In 1999 nam Campert deel aan het grote poëziefestival in Medellín. Het was een triomf. In het openluchttheater scandeerden negenduizend toehoorders, van jong tot oud, minutenlang zijn naam ‘Remco, Remco’. Op straat werd hij aangesproken door bewonderaars. Hij liet daar een diepe indruk achter. Toen ik twee jaar later aan het festival deelnam, werden mij voortdurend vragen gesteld over zijn leven & werken in de verre lage landen:

Is het waar
dat hij aan de gracht van de bloemen woont?
Is het waar
dat hij eens 120 liter limonade heeft gedronken?
Is het waar
dat hij aan een paraplu over Amsterdam heeft gezweefd?
Is het waar
dat hij een minister ten val heeft gebracht met een gedicht over de zilverwitheid van een berkenstam?
Is het waar
dat hij de koningin heeft gezoend (en een van haar zusters)?
Is het waar
dat hij in zijn hele leven slechts één keer heeft gesolliciteerd en toen een bloedproef moest doen?
Is het waar
dat hij in de winter in Parijs op een pleintje zijn jas over een standbeeld van Venus heeft gehangen en dat dat standbeeld hem toen naar het hotel is gevolgd?
Is het waar
dat hij in zijn jeugd tulpenbollen heeft gegeten?
Is het waar
dat hij what to do how to live van Wallace Stevens heeft proberen over te schrijven maar al voor het vraagteken in slaap viel?
Is het waar
dat als je zijn naam in het oor van een koe fluistert die koe geen melk meer geeft maar campari?
Is het waar
dat Johan Cruijff hem een paar schoenveters heeft geschonken?
Is het waar
dat een televisiefilm over hem niet doorging vanwege het woordje ‘naaien’?
Is het waar
dat hij in een jachtslot heeft gewoond?
Is het waar
dat hij in een hotelgang van wellust is gesmolten tot een waterplas en zo de gesloten kamer van een dame is binnengekomen?
Is het waar
dat hij poëzie een daad van bevestiging heeft genoemd?
Is het waar
dat men hem ooit uit een schilderij heeft zien stappen?
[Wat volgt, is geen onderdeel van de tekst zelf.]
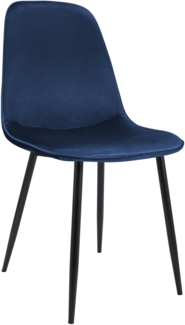 CLP Esszimmerstuhl Maryam gepolstert mit Rückenlehne,dunkelblau Samt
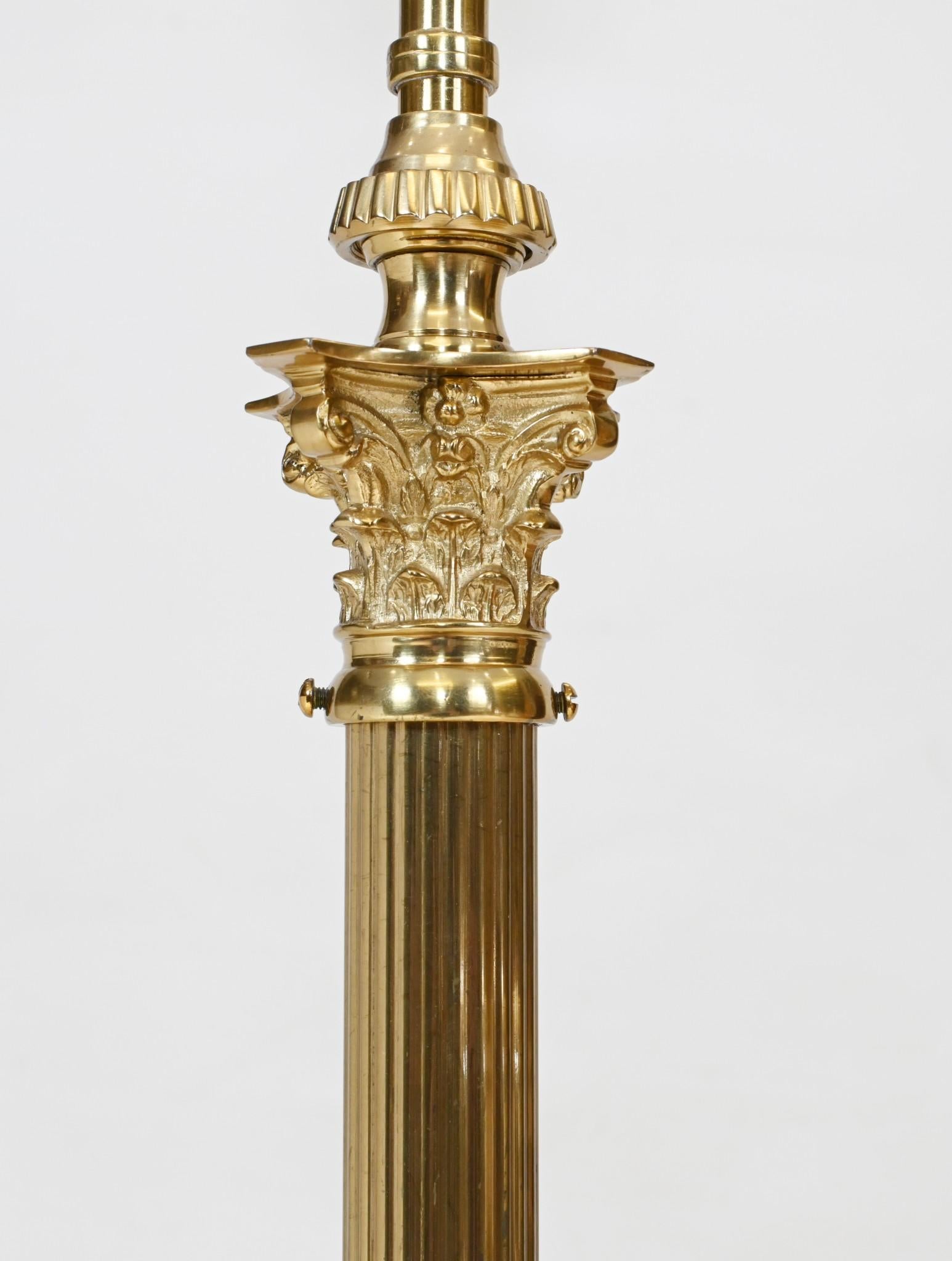 Regency Gilt Floor Lamp Corinthian Column Light 1890 1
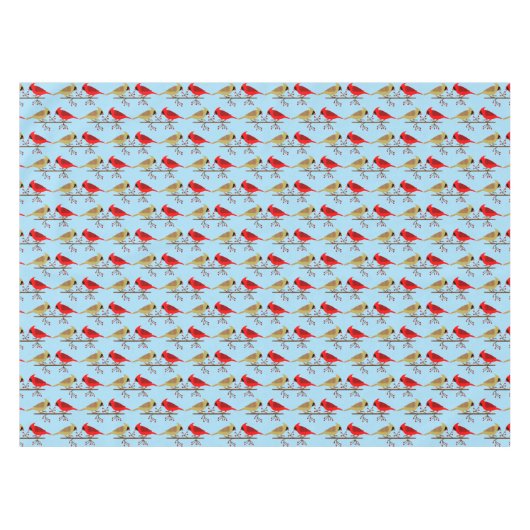 Schattigee kerstkardinalen en rode bessen met patr tafelkleed (Voorkant (Horizontaal))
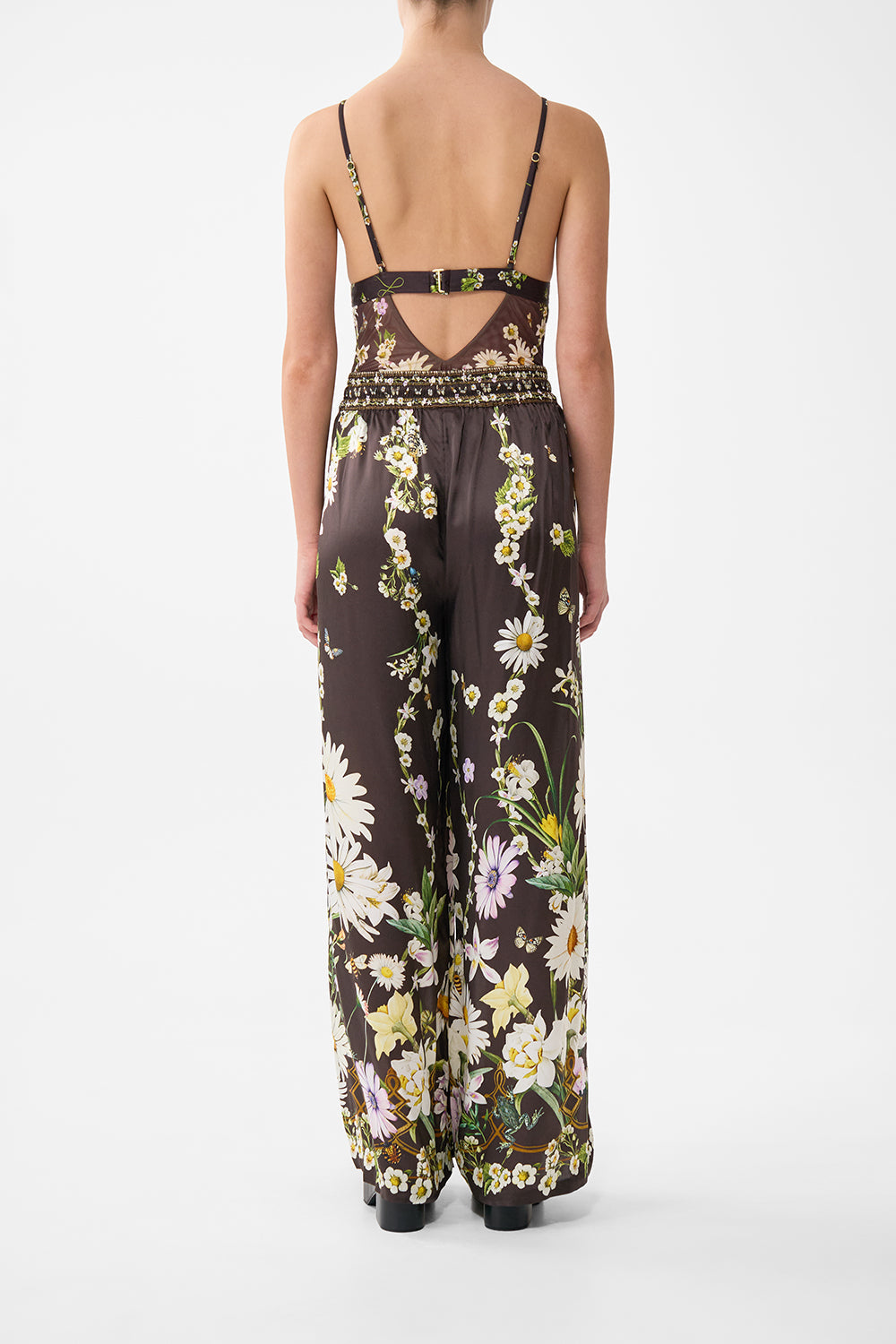 The CAMILLA Scalloped Edge Tri Bodysuit With Bow Front in our Dish It, Daisy print.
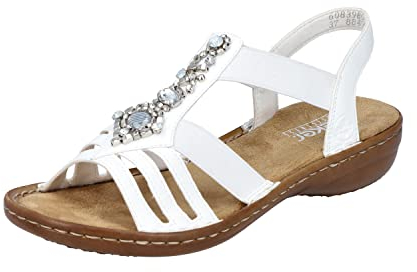 Rieker Femme 60839 Sandale, Blanc, 40 EU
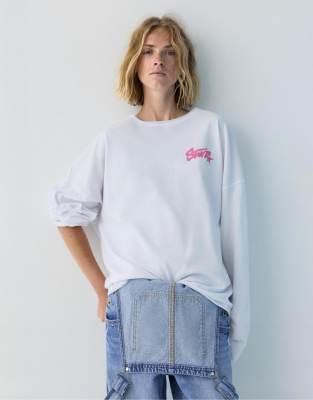 Pull & Bear - STWD - T-Shirt in Rosa mit Ziernähten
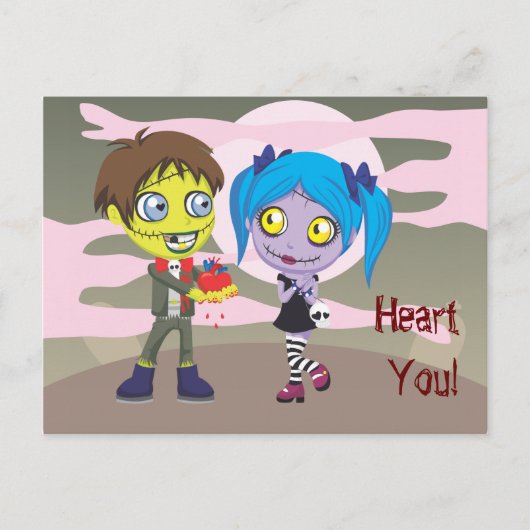 Zombie Love Briefkaart (Voorkant)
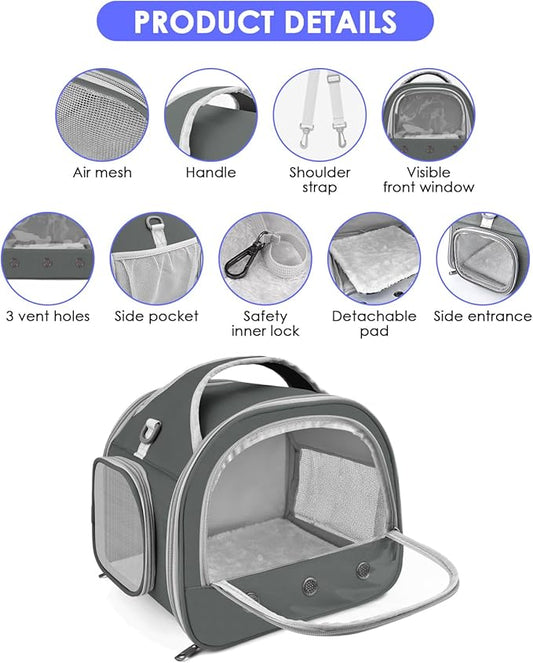 Bissap Bearded Dragon Travel Carrier, Portable Guinea Pig Carrier Bag Tortoise Carrier Pouch for Bunny Hamster Chinchilla Hedgehog Lizard Bird Outgoing Reptile Travel Carrying Case - Grey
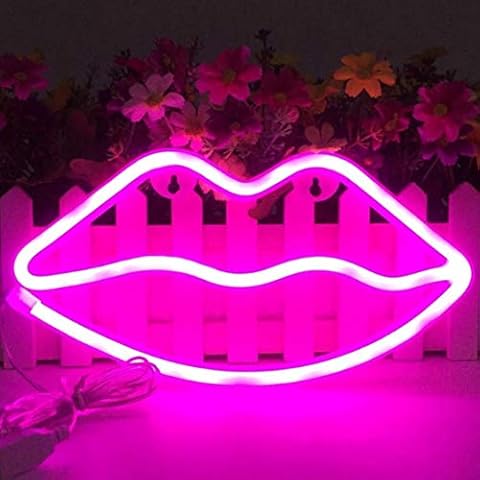 QiaoFei Lips Shaped Neon Signs Led Romantic Art Decorative Neon Lights Wall Decor Studio Party Kids Room Living Room Wedding Party Decoration Pink Cover
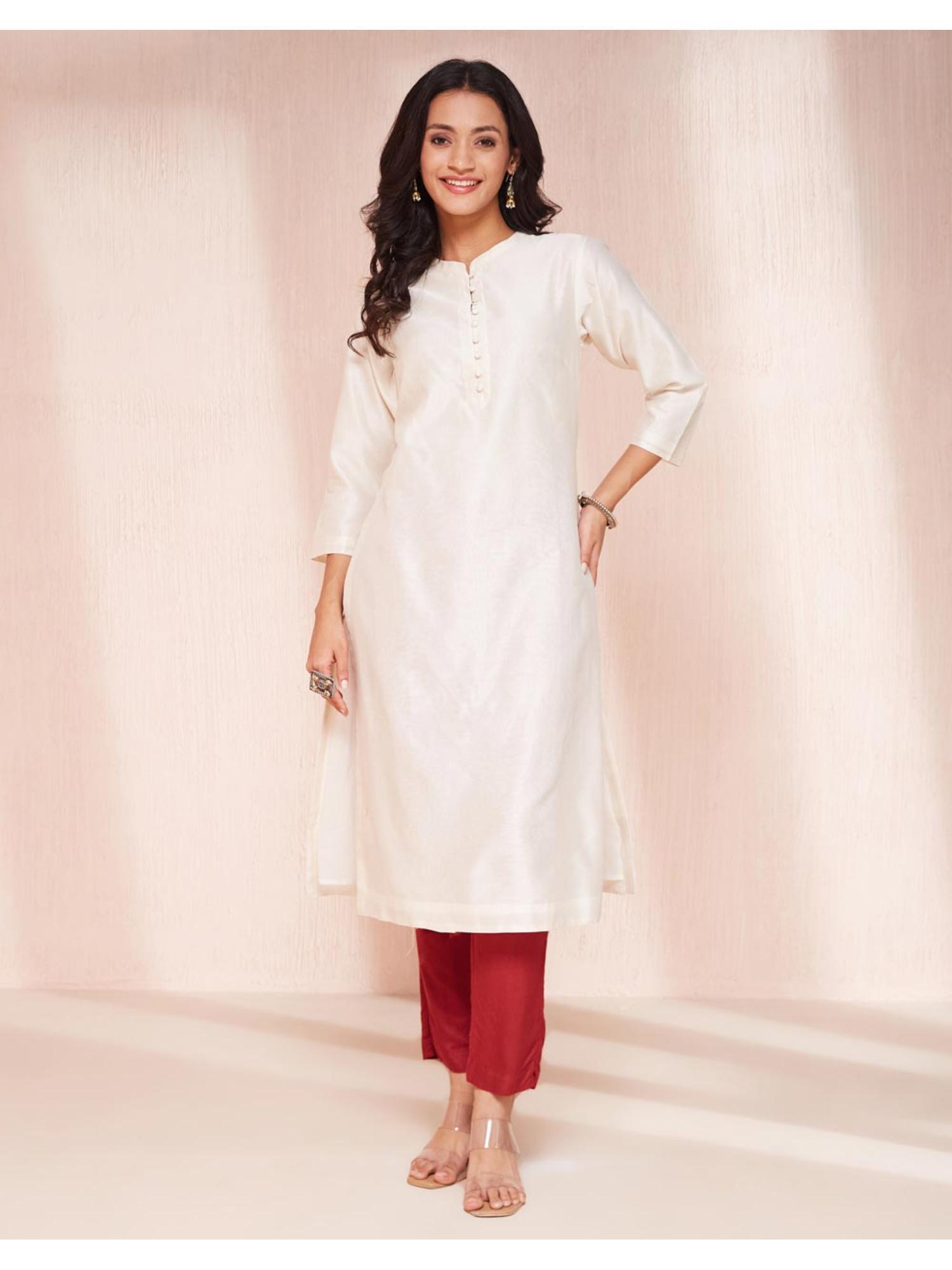 white cotton silk calf length long kurta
Zonder bril en met twee rechterschoenen?
En een hele stapel gedichten onder zijn arm?
– rustig rustig allemaal – even uitblazen –
En was dat schilderij het portret van Aesopus door Velasquez?
Is het waar
dat de taxichauffeurs in heel het land zijn huisadres uit hun hoofd kennen?
Is het waar
dat toen het gesneeuwd had – na een poëzielezing – tientallen vrouwen om zijn voetafdrukken hebben gevochten – om die thuis in de diepvries te bewaren?
Is het waar
dat hij het plaatsen van vraagtekens als een vorm van verzet toejuicht?
Is het waar
dat hij de enige Nederlander is die niet kan fietsen?
Is het waar
dat hij een weerbericht heeft geschreven dat later precies zo uitkwam?
Is het waar
dat hij iedere maandag om vier uur scrabble speelt?
Is het waar
dat hij het levensraadsel heeft opgelost maar het notitieboekje is kwijtgeraakt?

En ik antwoordde:
Ja, dat is inderdaad waar.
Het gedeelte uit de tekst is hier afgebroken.